Skip to content

A VM

The first draft of source code, that will be our VM, explained.


I dumped some source code in front of you, and then I started to talk about programming languages. Time now, to explain what I did and why. We only have 132 lines, including comments. We will go through all parts of it. And I will talk a little about how Rust's basic syntax works, while I use it. Not too much, since it is not good Rust code, yet, but to help you start. This will be a longer entry.

I swear, if I do not see some code in this post...

Alright, alright... We will start with our VM:

#[derive(Debug)]
pub struct VM {
    stack: Vec<i64>,
    pc: usize,
    op_cnt: usize,
}

Nothing fancy, just a struct that will represent our Virtual Machine. Only three fields for now:

  1. stack: Obviously our stack machine would need one of those. This will hold values during execution. I am using a Vector.
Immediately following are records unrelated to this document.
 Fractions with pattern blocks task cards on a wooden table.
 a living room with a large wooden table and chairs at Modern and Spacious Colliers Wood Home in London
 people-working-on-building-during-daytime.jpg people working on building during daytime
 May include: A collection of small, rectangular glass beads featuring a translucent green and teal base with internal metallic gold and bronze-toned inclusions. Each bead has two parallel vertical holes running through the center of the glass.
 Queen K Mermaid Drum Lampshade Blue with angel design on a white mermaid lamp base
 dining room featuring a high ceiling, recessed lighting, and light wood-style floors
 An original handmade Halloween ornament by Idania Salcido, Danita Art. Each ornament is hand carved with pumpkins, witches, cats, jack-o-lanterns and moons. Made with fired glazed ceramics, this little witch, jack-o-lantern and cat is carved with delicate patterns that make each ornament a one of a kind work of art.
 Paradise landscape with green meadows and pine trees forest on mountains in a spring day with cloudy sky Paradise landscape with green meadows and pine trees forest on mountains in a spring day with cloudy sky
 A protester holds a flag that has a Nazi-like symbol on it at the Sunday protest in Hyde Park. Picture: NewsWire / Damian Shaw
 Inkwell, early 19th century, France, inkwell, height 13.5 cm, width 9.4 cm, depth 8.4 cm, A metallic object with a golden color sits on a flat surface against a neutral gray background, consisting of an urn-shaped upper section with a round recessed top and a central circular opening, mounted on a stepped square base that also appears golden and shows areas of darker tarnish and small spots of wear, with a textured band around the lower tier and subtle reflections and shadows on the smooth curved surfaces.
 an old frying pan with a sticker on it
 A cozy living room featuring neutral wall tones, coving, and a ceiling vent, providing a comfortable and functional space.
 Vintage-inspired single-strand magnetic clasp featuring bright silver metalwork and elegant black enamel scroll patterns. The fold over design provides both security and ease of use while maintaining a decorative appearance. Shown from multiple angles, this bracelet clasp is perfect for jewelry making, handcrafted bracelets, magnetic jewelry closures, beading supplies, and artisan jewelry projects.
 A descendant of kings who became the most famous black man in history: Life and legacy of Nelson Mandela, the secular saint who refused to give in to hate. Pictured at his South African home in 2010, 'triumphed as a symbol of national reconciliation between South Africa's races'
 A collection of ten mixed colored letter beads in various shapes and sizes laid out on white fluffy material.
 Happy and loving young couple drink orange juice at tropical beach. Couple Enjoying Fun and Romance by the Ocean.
That is nothing more than a chunk of memory, that knows how much capacity it has and how many values are in it at the moment. It does support resizing, but I do not want to use that.
  2. pc will be our program counter. That is a register 1 holding the progress in the program during execution. It will always point at the instruction that is to be executed next.
  3. op_cnt will be counting the number of operations executed. For now, I want that information out of curiosity, but later it will be useful for limiting execution time for programs.

usize and i64 are Rust's names for integer types. The language is very explicit in those terms (and very strict, as in every aspect). I will not give a real introduction to Rust for you (there are pages that do that), but I will try to start slowly and give you hints on the important things I introduce, so that you get the chance to learn about them parallel to this journal. I hope, that makes it easier to follow for Rust beginners. To readers that know Rust: please excuse the crude code here! I will make it more rusty, soon. Skip to the next post, if you cannot handle it.

We will also need a program that we will run in our VM. For the start, a crude array of bytes will do. The VM will be running bytecode after all. And that really is only that: a bunch of bytes, that you will soon be able to understand.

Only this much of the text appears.